By analyzing existing cross correlation between Bomesc Offshore Engineering and Zhongyin Babi Food, you can compare the effects of market volatilities on Bomesc Offshore and Zhongyin Babi and check how they will diversify away market risk if combined in the same portfolio for a given time horizon. You can also utilize pair trading strategies of matching a long position in Bomesc Offshore with a short position of Zhongyin Babi. Check out your portfolio center. Please also check ongoing floating volatility patterns of Bomesc Offshore and Zhongyin Babi.

Diversification Opportunities for Bomesc Offshore and Zhongyin Babi

0.62
  Correlation Coefficient

Poor diversification

The 3 months correlation between Bomesc and Zhongyin is 0.62. Overlapping area represents the amount of risk that can be diversified away by holding Bomesc Offshore Engineering and Zhongyin Babi Food in the same portfolio, assuming nothing else is changed. The correlation between historical prices or returns on Zhongyin Babi Food and Bomesc Offshore is a relative statistical measure of the degree to which these equity instruments tend to move together. The correlation coefficient measures the extent to which returns on Bomesc Offshore Engineering are associated (or correlated) with Zhongyin Babi. Values of the correlation coefficient range from -1 to +1, where. The correlation of zero (0) is possible when the price movement of Zhongyin Babi Food has no effect on the direction of Bomesc Offshore i.e., Bomesc Offshore and Zhongyin Babi go up and down completely randomly.

Pair Corralation between Bomesc Offshore and Zhongyin Babi

Assuming the 90 days trading horizon Bomesc Offshore Engineering is expected to under-perform the Zhongyin Babi. But the stock apears to be less risky and, when comparing its historical volatility, Bomesc Offshore Engineering is 1.6 times less risky than Zhongyin Babi. The stock trades about -0.03 of its potential returns per unit of risk. The Zhongyin Babi Food is currently generating about 0.04 of returns per unit of risk over similar time horizon. If you would invest  1,548  in Zhongyin Babi Food on October 14, 2024 and sell it today you would earn a total of  70.00  from holding Zhongyin Babi Food or generate 4.52% return on investment over 90 days.
Time Period3 Months [change]
DirectionMoves Together 
StrengthSignificant
Accuracy100.0%
ValuesDaily Returns

Bomesc Offshore Engineering  vs.  Zhongyin Babi Food

 Performance 
       Timeline  
Bomesc Offshore Engi 

Risk-Adjusted Performance

0 of 100

 
Weak
 
Strong
Very Weak
Over the last 90 days Bomesc Offshore Engineering has generated negative risk-adjusted returns adding no value to investors with long positions. Despite somewhat strong basic indicators, Bomesc Offshore is not utilizing all of its potentials. The current stock price disturbance, may contribute to short-term losses for the investors.
Zhongyin Babi Food 

Risk-Adjusted Performance

3 of 100

 
Weak
 
Strong
Insignificant
Compared to the overall equity markets, risk-adjusted returns on investments in Zhongyin Babi Food are ranked lower than 3 (%) of all global equities and portfolios over the last 90 days. Despite somewhat weak basic indicators, Zhongyin Babi may actually be approaching a critical reversion point that can send shares even higher in February 2025.

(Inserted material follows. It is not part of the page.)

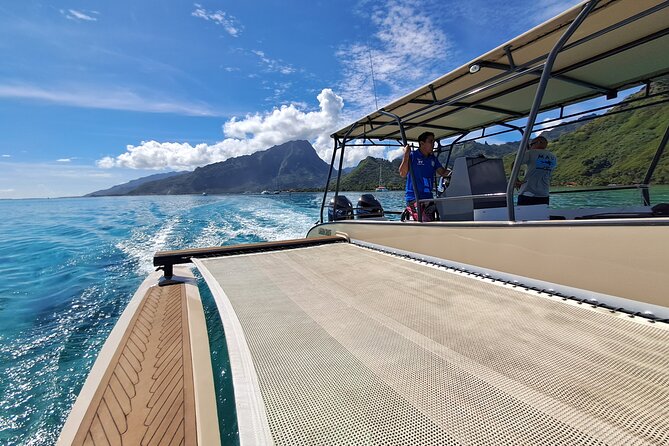 Lagoon Tour + lunch with your feet in the water on a Motu - Who will enjoy this most?
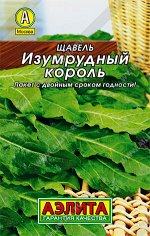 Щавель Изумрудный король (2023; 32.05.02)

Bomesc Offshore and Zhongyin Babi Volatility Contrast

   Predicted Return Density   
       Returns  

Pair Trading with Bomesc Offshore and Zhongyin Babi

The main advantage of trading using opposite Bomesc Offshore and Zhongyin Babi positions is that it hedges away some unsystematic risk. Because of two separate transactions, even if Bomesc Offshore position performs unexpectedly, Zhongyin Babi can make up some of the losses. Pair trading also minimizes risk from directional movements in the market. For example, if an entire industry or sector drops because of unexpected headlines, the short position in Zhongyin Babi will offset losses from the drop in Zhongyin Babi's long position.
The idea behind Bomesc Offshore Engineering and Zhongyin Babi Food pairs trading is to make the combined position market-neutral, meaning the overall market's direction will not affect its win or loss (or potential downside or upside). This can be achieved by designing a pairs trade with two highly correlated stocks or equities that operate in a similar space or sector, making it possible to obtain profits through simple and relatively low-risk investment.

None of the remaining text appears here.